Top of Records shown

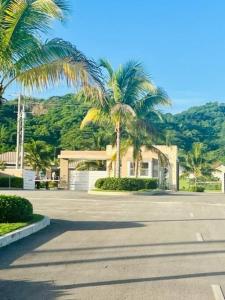 a parking lot with palm trees in front of a house at FlowerPot by the Sea in Lucea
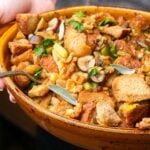 A close-up of a bowl of vegan stuffing with bread cubes, celery, herbs, nuts, and slices of mushrooms, being held by two hands.
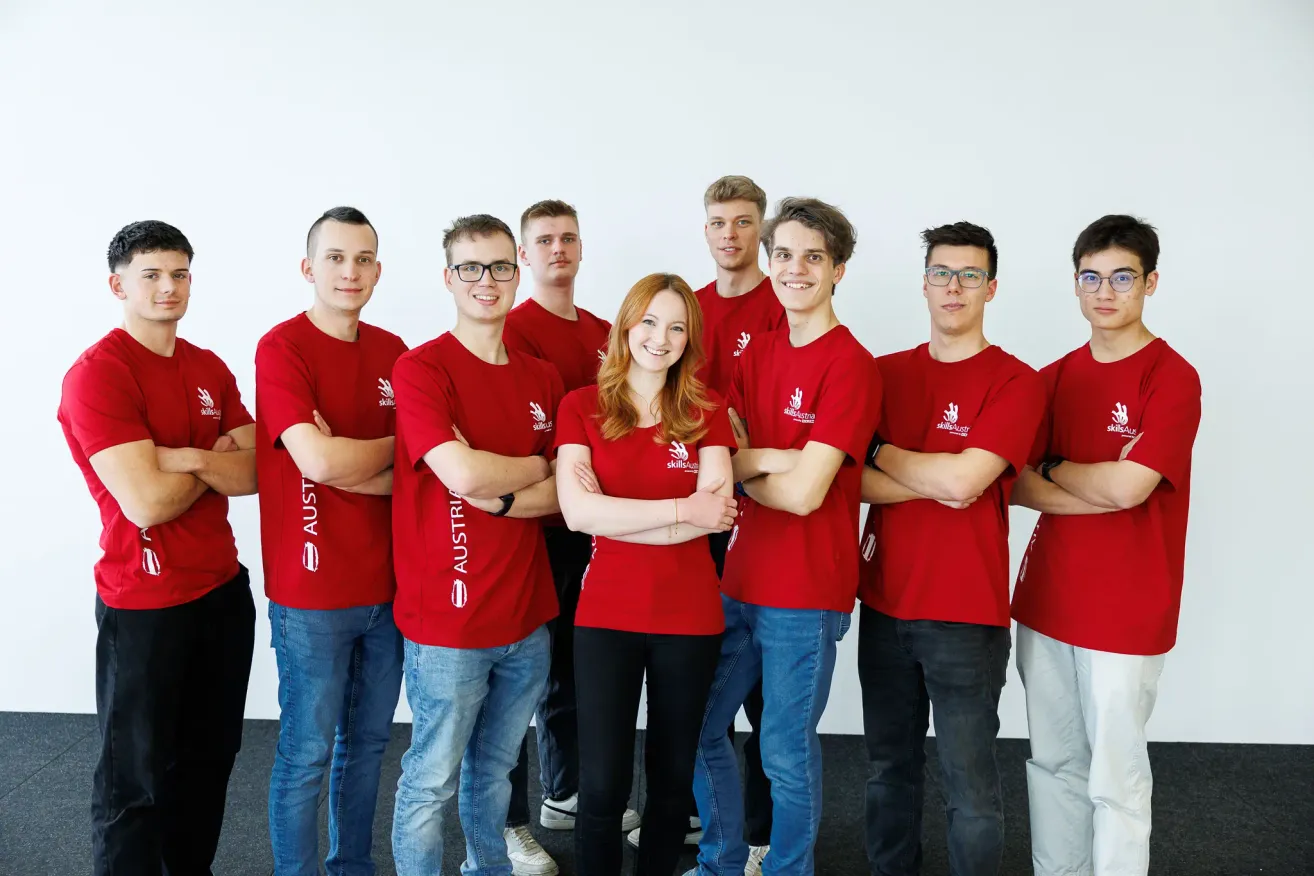 Eine Gruppe von Menschen in roten T-Shirts posiert für ein Foto mit einer lächelnden Frau in der Mitte. Sie stehen mit verschränkten Armen vor einer weißen Wand.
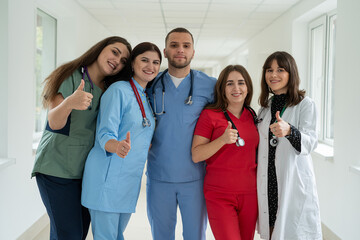 Group of medical team studetns or young doctors in uniform  in college hallway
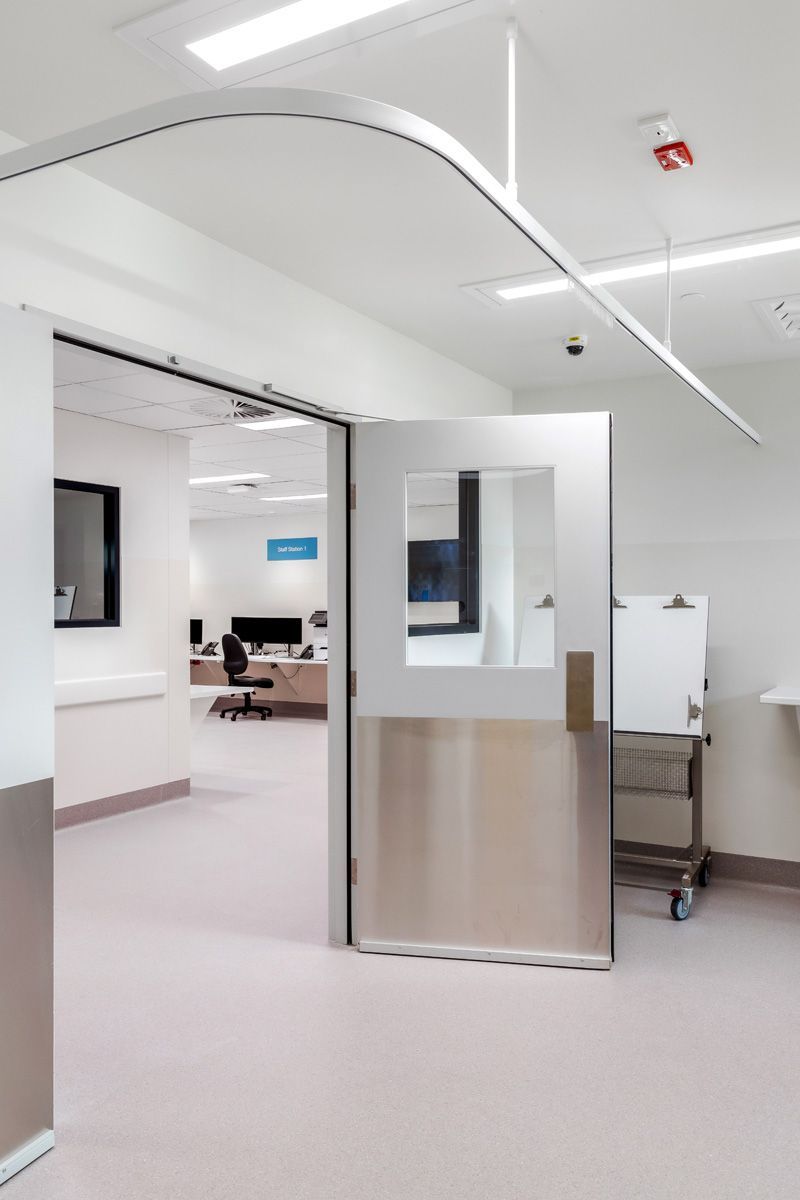 A stainless steel door is open in a hospital room.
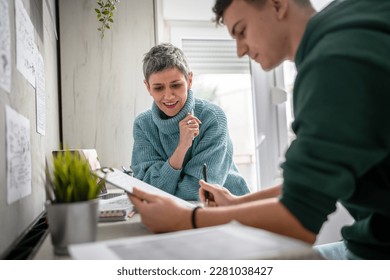 One student teenage caucasian man study learn with help of his tutor professor or mother senior woman at home having private lesson to prepare for exam education concept real people copy space - Shutterstock ID 2281038427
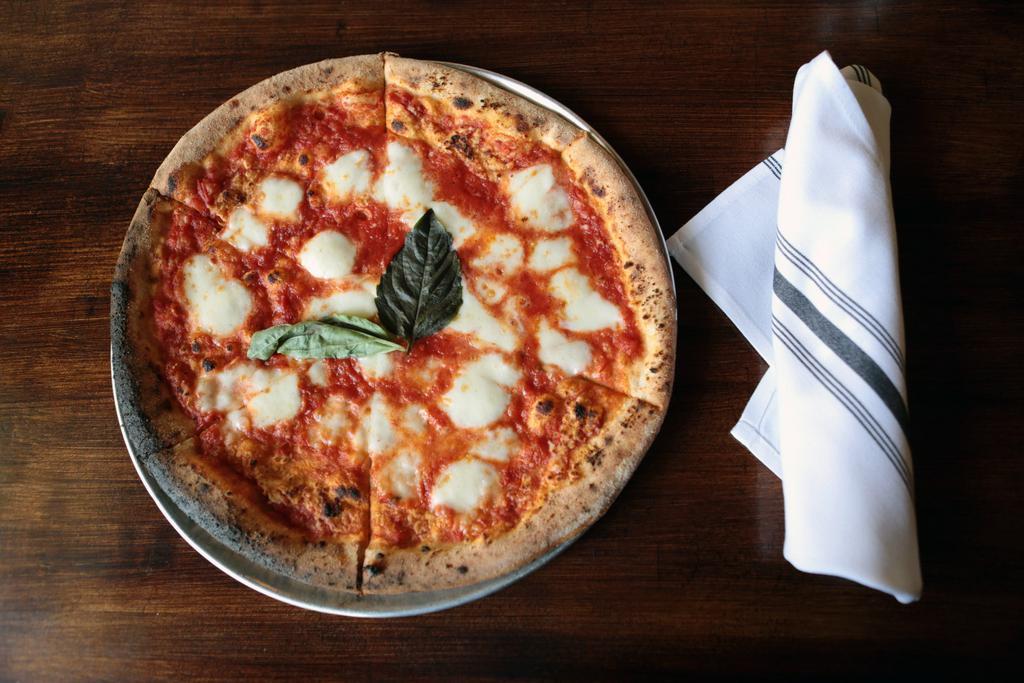 Margherita Pizza · Tomato, basil and fresh mozzarella.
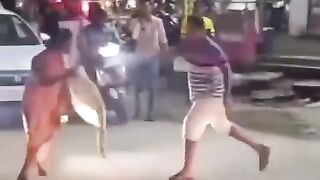 Indian women uses her own poop in a street fight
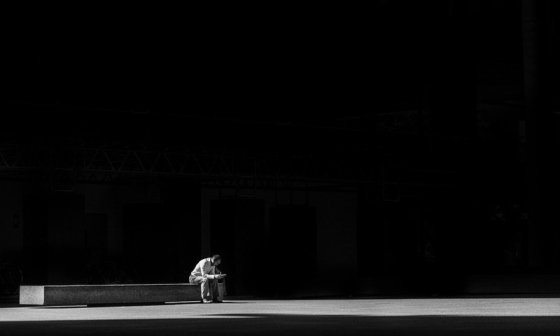 Hombre sentado solo en un banco en la oscuridad en representación de la soledad moral.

Bottom of Records shown

_Task details:_ Within the listing above, find the line containing "Eine Gruppe von" and the line containing "Group of medical". Transcribe them and everything between them exactly, leaving out the pictures.

_Solution for this problem:_
 Eine Gruppe von Menschen in roten T-Shirts posiert für ein Foto mit einer lächelnden Frau in der Mitte. Sie stehen mit verschränkten Armen vor einer weißen Wand.
 Group of medical team studetns or young doctors in uniform  in college hallway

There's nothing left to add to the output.